> Assigned task
For the entries below, repeat exactly each line starting with the one that contains "Used 2021 BMW" and going on through the one that contains "sidepreneur.de", and no others.

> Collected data
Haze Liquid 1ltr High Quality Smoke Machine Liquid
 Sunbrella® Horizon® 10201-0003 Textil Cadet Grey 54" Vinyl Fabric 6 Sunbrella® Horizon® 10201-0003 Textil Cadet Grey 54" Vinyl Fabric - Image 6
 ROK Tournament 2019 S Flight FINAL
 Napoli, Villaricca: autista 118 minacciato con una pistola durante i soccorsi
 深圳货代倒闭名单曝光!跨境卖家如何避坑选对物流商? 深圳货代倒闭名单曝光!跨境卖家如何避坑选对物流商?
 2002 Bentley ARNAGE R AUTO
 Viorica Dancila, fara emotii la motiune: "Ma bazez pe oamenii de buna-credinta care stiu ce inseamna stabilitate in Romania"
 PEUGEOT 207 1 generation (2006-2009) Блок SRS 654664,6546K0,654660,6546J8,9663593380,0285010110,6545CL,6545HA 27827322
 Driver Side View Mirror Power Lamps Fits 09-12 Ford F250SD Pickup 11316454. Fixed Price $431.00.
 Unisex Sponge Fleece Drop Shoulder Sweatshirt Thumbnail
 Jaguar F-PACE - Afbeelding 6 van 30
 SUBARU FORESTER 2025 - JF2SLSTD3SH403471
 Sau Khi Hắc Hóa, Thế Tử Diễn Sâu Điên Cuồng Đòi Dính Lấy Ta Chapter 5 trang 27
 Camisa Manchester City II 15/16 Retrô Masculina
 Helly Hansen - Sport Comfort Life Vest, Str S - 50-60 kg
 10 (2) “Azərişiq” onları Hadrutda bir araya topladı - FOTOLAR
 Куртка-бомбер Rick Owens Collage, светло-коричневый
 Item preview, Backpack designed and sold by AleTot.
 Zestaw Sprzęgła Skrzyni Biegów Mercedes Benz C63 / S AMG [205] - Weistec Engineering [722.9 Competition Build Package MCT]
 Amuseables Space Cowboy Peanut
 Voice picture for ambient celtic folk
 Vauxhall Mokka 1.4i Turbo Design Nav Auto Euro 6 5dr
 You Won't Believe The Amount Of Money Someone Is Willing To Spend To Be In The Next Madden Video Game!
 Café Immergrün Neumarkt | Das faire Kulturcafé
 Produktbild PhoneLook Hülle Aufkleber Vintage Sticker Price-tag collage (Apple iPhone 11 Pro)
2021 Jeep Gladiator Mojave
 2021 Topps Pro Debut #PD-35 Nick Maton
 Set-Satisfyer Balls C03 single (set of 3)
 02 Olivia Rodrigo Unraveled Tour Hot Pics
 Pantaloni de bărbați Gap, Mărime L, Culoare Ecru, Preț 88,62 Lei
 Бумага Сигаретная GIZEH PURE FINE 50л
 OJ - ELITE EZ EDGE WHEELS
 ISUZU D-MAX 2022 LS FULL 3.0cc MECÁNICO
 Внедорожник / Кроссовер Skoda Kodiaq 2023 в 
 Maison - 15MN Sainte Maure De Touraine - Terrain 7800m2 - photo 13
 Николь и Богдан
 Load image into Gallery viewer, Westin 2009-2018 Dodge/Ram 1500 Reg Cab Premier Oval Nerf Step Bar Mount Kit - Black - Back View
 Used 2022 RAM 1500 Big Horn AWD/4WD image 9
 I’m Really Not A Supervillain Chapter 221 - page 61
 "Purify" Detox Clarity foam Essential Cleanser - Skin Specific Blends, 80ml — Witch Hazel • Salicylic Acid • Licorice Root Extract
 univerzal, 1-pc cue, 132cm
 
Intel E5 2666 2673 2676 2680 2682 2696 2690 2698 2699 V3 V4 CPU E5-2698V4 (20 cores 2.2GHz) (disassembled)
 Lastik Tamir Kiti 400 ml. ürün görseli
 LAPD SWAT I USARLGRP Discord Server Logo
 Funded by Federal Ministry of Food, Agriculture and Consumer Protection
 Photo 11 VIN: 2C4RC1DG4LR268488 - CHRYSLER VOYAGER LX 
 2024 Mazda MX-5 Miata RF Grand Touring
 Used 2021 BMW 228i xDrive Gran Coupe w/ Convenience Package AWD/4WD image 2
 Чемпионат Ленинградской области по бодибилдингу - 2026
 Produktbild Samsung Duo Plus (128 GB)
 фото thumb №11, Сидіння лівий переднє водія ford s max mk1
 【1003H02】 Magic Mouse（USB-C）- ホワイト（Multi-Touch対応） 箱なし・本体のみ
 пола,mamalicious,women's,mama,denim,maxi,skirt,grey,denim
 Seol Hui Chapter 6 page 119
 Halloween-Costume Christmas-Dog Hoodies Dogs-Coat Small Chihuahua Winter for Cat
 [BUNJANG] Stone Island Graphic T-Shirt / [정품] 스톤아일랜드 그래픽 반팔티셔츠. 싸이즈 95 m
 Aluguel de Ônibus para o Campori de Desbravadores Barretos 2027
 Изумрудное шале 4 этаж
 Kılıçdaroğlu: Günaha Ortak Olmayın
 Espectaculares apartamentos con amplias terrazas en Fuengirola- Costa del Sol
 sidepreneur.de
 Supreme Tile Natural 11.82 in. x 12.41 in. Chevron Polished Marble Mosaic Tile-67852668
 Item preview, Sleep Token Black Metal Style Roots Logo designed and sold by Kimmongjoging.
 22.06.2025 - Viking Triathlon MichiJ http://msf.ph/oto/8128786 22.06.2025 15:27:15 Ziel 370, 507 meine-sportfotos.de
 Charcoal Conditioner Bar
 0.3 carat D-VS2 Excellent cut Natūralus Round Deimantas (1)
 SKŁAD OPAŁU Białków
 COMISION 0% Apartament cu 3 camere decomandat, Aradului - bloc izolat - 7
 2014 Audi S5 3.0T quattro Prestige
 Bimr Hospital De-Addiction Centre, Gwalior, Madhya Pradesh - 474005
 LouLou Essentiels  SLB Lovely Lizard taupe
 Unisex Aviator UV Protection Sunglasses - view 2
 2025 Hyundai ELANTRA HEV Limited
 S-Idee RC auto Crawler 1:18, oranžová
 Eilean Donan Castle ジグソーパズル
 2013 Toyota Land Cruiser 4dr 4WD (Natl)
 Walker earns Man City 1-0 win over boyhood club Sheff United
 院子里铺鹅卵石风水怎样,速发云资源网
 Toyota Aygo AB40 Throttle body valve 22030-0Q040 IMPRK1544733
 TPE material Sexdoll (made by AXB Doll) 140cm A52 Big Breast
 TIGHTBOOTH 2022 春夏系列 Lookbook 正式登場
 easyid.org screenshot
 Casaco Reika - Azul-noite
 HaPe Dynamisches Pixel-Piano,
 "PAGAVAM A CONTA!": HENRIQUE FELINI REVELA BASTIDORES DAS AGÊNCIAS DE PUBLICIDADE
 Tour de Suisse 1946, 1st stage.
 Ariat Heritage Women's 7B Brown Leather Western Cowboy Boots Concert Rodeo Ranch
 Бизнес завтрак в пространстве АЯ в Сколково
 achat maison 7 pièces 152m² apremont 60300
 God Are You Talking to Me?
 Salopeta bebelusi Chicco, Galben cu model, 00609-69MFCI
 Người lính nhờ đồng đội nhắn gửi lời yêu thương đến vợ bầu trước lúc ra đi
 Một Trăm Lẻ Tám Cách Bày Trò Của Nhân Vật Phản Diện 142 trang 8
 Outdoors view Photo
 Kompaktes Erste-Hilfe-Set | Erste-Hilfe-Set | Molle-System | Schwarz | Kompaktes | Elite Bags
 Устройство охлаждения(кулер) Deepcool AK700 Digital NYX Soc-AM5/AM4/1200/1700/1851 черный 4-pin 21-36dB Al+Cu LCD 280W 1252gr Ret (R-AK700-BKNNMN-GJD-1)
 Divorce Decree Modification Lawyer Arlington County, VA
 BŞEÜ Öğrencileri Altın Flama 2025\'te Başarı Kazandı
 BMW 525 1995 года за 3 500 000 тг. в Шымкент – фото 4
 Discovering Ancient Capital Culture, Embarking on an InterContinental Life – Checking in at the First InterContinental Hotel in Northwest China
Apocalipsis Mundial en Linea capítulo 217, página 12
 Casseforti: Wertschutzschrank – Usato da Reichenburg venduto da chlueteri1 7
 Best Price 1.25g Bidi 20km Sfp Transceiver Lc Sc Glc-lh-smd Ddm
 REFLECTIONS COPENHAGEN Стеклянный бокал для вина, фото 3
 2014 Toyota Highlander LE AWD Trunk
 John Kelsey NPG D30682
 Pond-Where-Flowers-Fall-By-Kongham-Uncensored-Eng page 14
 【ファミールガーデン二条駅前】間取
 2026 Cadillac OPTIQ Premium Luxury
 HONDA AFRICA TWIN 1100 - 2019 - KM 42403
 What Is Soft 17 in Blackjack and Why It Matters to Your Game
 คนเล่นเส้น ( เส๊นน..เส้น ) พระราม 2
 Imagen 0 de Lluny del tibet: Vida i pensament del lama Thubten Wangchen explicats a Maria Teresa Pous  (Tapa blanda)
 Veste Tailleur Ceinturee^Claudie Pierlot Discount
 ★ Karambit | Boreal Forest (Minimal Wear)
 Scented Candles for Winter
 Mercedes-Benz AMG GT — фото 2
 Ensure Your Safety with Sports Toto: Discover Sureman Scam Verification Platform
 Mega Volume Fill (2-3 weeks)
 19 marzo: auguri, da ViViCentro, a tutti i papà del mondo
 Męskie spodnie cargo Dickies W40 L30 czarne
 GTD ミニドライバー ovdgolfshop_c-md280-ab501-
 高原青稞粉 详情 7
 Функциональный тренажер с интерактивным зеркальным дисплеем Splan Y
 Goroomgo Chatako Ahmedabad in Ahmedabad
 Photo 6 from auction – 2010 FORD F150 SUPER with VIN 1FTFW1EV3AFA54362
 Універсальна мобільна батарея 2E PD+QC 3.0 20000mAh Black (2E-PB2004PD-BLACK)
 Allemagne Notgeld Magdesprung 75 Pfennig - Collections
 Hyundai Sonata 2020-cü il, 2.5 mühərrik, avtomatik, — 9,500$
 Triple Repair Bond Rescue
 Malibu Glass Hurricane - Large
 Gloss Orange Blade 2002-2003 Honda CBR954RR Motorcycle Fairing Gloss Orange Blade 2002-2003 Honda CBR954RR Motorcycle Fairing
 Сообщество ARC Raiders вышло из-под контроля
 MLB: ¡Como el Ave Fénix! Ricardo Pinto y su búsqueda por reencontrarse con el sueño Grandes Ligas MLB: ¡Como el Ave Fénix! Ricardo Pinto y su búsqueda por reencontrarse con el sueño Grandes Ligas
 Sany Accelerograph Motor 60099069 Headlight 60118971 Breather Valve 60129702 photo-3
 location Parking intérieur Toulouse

> The answer
 Used 2021 BMW 228i xDrive Gran Coupe w/ Convenience Package AWD/4WD image 2
 Чемпионат Ленинградской области по бодибилдингу - 2026
 Produktbild Samsung Duo Plus (128 GB)
 фото thumb №11, Сидіння лівий переднє водія ford s max mk1
 【1003H02】 Magic Mouse（USB-C）- ホワイト（Multi-Touch対応） 箱なし・本体のみ
 пола,mamalicious,women's,mama,denim,maxi,skirt,grey,denim
 Seol Hui Chapter 6 page 119
 Halloween-Costume Christmas-Dog Hoodies Dogs-Coat Small Chihuahua Winter for Cat
 [BUNJANG] Stone Island Graphic T-Shirt / [정품] 스톤아일랜드 그래픽 반팔티셔츠. 싸이즈 95 m
 Aluguel de Ônibus para o Campori de Desbravadores Barretos 2027
 Изумрудное шале 4 этаж
 Kılıçdaroğlu: Günaha Ortak Olmayın
 Espectaculares apartamentos con amplias terrazas en Fuengirola- Costa del Sol
 sidepreneur.de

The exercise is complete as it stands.